## Work to be completed
Copy exactly the lines of the data below, beginning with the line with "Citrine Ring for" and ending with the line with "Tempering Valve, 1/2in. NPT, Brass, 125 psi". Pictures are to be omitted.

(Data shown Opens)

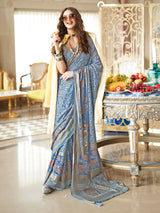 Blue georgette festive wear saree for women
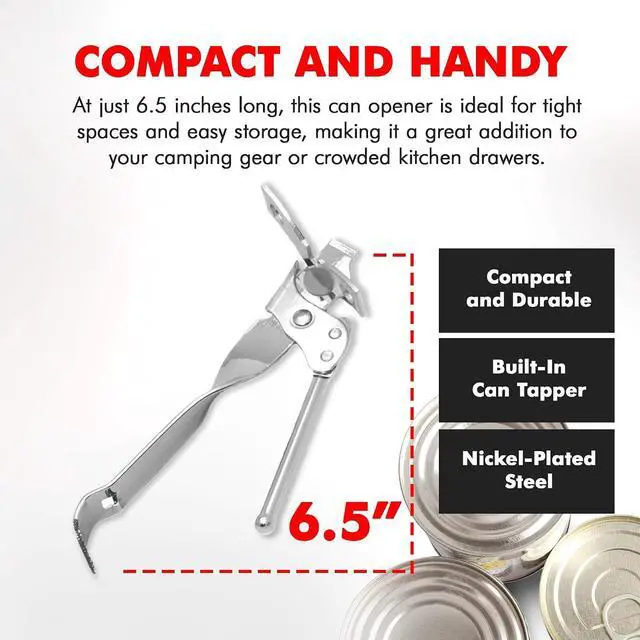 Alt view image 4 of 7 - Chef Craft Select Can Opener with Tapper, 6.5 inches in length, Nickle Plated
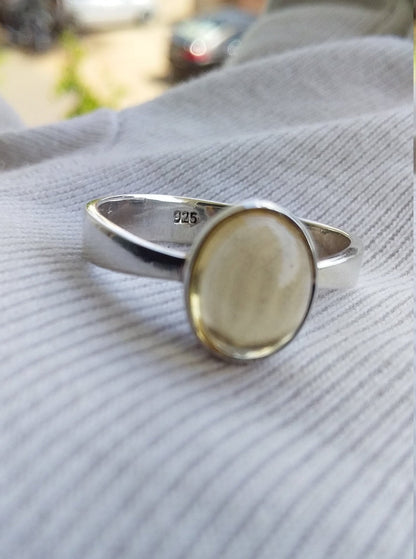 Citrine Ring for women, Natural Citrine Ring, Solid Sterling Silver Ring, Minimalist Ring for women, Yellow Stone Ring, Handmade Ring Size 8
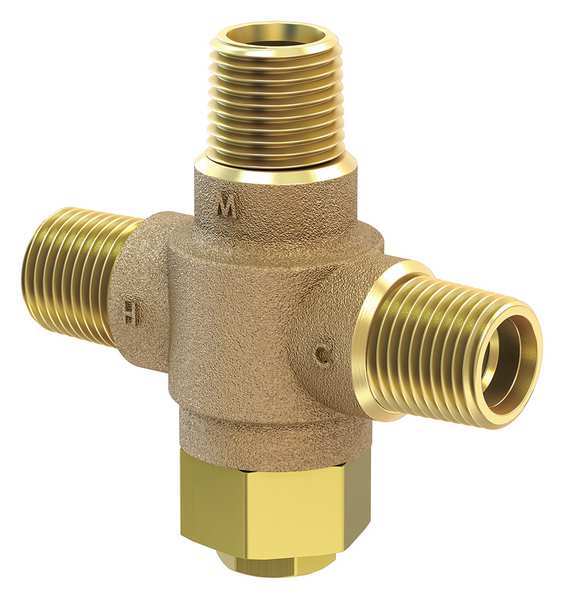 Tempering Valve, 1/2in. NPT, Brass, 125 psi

(Data shown Closes)
(Data shown Opens)

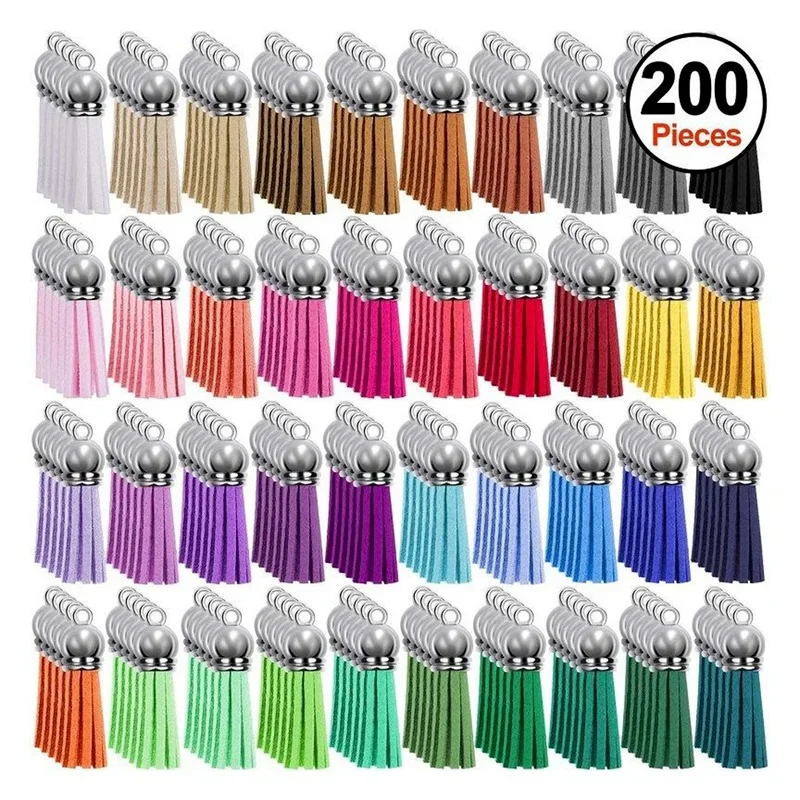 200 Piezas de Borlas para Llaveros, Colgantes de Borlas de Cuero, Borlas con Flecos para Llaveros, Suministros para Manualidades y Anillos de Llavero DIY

(Data shown Closes)
(Data shown Opens)

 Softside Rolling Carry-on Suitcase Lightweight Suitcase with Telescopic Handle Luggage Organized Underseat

(Data shown Closes)

## Task result
 Citrine Ring for women, Natural Citrine Ring, Solid Sterling Silver Ring, Minimalist Ring for women, Yellow Stone Ring, Handmade Ring Size 8
 Tempering Valve, 1/2in. NPT, Brass, 125 psi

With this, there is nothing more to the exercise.